About this task
In full and without change, retype the records.
*** Records provided Section Begins ***
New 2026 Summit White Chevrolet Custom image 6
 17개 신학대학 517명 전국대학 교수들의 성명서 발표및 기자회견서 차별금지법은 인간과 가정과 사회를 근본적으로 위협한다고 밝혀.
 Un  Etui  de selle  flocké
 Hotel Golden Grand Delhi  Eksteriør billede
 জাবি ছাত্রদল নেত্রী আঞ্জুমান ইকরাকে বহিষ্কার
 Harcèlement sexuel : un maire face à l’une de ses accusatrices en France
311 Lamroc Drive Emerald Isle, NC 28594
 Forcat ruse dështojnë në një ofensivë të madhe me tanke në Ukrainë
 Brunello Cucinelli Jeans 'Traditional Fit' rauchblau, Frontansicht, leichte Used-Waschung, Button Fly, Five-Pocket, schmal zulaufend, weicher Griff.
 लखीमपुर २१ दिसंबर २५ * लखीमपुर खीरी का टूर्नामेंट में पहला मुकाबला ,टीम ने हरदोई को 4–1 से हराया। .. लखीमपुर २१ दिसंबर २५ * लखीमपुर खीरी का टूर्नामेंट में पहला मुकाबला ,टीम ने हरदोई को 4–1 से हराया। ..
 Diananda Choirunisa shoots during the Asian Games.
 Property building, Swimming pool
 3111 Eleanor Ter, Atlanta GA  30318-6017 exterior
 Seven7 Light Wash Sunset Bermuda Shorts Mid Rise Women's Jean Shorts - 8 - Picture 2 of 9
*** Records provided Section Ends ***
Exercise answer
New 2026 Summit White Chevrolet Custom image 6
 17개 신학대학 517명 전국대학 교수들의 성명서 발표및 기자회견서 차별금지법은 인간과 가정과 사회를 근본적으로 위협한다고 밝혀.
 Un  Etui  de selle  flocké
 Hotel Golden Grand Delhi  Eksteriør billede
 জাবি ছাত্রদল নেত্রী আঞ্জুমান ইকরাকে বহিষ্কার
 Harcèlement sexuel : un maire face à l’une de ses accusatrices en France
311 Lamroc Drive Emerald Isle, NC 28594
 Forcat ruse dështojnë në një ofensivë të madhe me tanke në Ukrainë
 Brunello Cucinelli Jeans 'Traditional Fit' rauchblau, Frontansicht, leichte Used-Waschung, Button Fly, Five-Pocket, schmal zulaufend, weicher Griff.
 लखीमपुर २१ दिसंबर २५ * लखीमपुर खीरी का टूर्नामेंट में पहला मुकाबला ,टीम ने हरदोई को 4–1 से हराया। .. लखीमपुर २१ दिसंबर २५ * लखीमपुर खीरी का टूर्नामेंट में पहला मुकाबला ,टीम ने हरदोई को 4–1 से हराया। ..
 Diananda Choirunisa shoots during the Asian Games.
 Property building, Swimming pool
 3111 Eleanor Ter, Atlanta GA  30318-6017 exterior
 Seven7 Light Wash Sunset Bermuda Shorts Mid Rise Women's Jean Shorts - 8 - Picture 2 of 9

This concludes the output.